Emma needed further treatment to stabilise her blood pressure, meaning she had to stay in hospital while trying to process what had happened.

‘They left me in that ward until 11pm, listening to everybody else have their babies,’ she says.

A subsequent inquest recorded an open verdict, with the cause put down as sudden infant death. But Emma believes failures in her care contribute­d. ‘I was made to feel like it was just one of those things, that people lose their babies. I was told “babies die” and I was made to feel like there was no blame. But Daisy should still be here now,’ she says.

FAMILIES caught up in the scandal report a familiar refrain: Everything is okay, don’t worry. Until, that is, it was too late.

Shelley Russell, 41, was repeatedly told not to worry during her high-risk pregnancy with a longedfor third child in 2019.

After being told she had a blocked fallopian tube in July 2017, she had lost hope, but fell pregnant with her miracle baby after 18 months of trying.

When midwives first remarked on her daughter’s rapid heart rate, they told Shelley and her partner Nicholas (from whom she has since split) that their little girl was destined to be ‘an athlete’.

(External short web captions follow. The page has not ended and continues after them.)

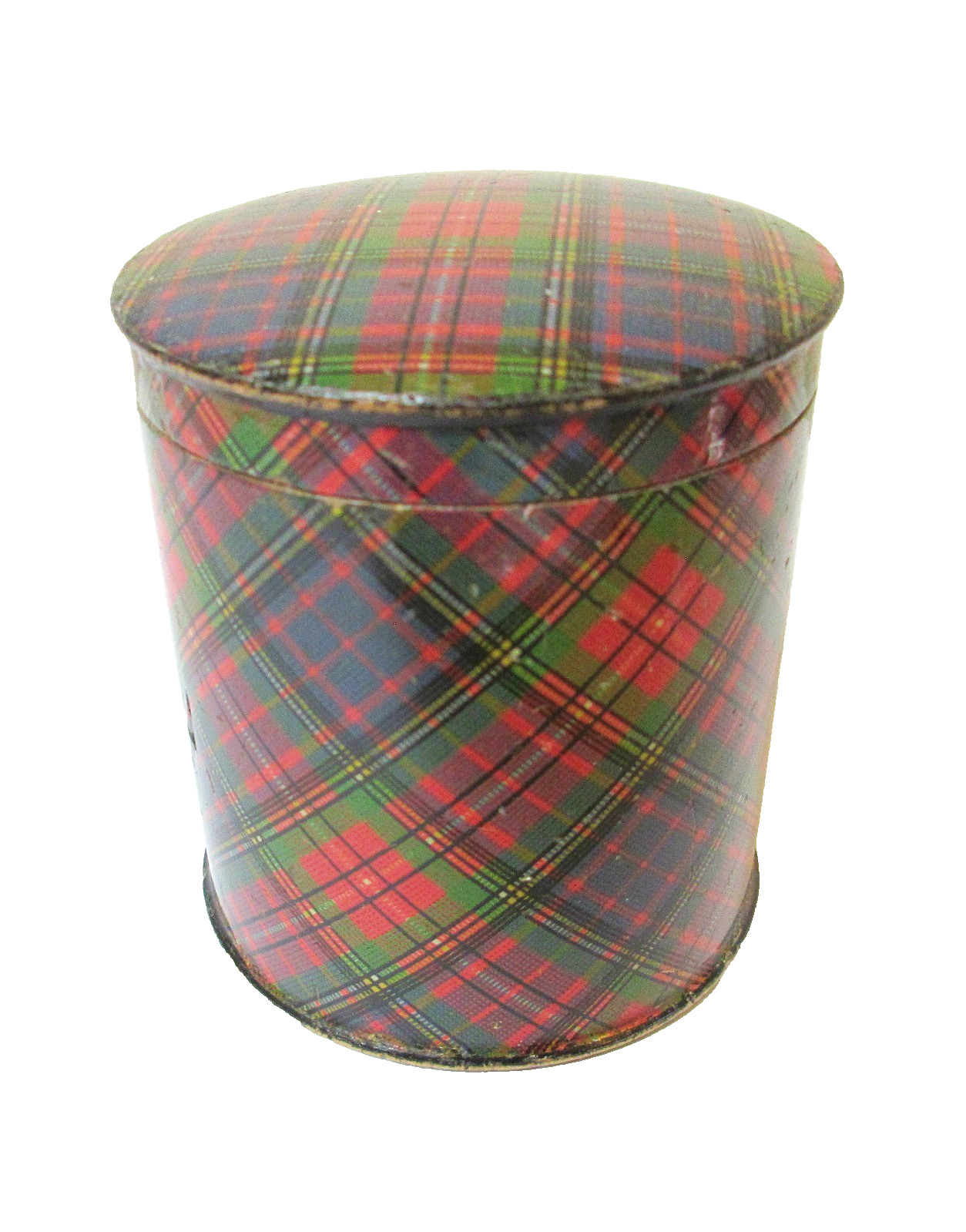 Antique Tartanware Tape Casket Clan Albert Antique Tartanware Tape Casket Clan Albert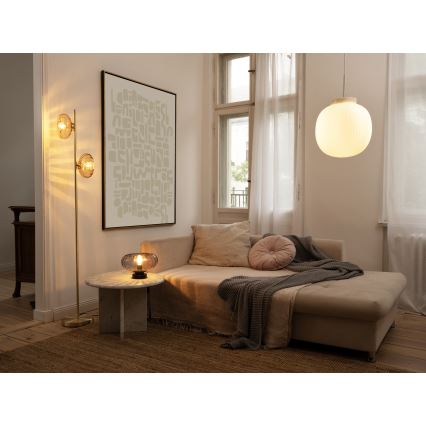 Osram - Lampadar GOLD GLASS 2xE14/12W/230V auriu/bej fumuriu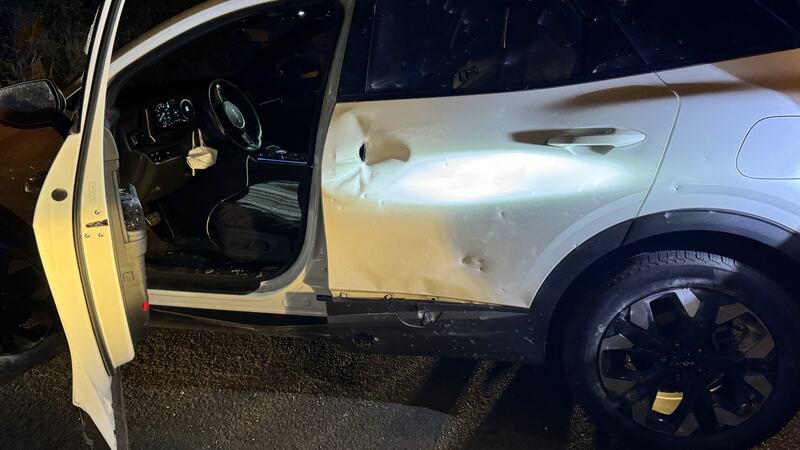 Improvised explosive device damages Kia driving by on Old Haleakala Highway Thursday night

Shelley, from Dover, had her first inkling something wasn’t right at 36 weeks pregnant when she woke and realised baby Tallulah-Rai wasn’t moving as much as normal. She phoned her midwife and was told to go to Buckland hospital for a CTG (cardiotoco­graphy scan) to monitor

the baby’s heart rate. A student midwife and a more senior midwife were involved in a protracted process of trying to detect the heart rate, culminatin­g in the senior midwife signing off on the reading.

‘She came in, looked at the monitor, said “Are you happy?”. I said “If you are happy, I am happy”. That was it, off I went. She said if anything changes come back. But the next day, nothing had changed. Then the following day I remember waking up and feeling no movement whatsoever.’

Shelley and Nicholas returned to hospital, only to have their worst fears confirmed – their baby had died. Following a C-section delivery, a post-mortem examinatio­n revealed Tallulah-Rai had died of oxygen deficiency.

Now, in the process of taking legal action against the trust – it has denied liability in her case – not a day goes by when she doesn’t think of her daughter and what might have been.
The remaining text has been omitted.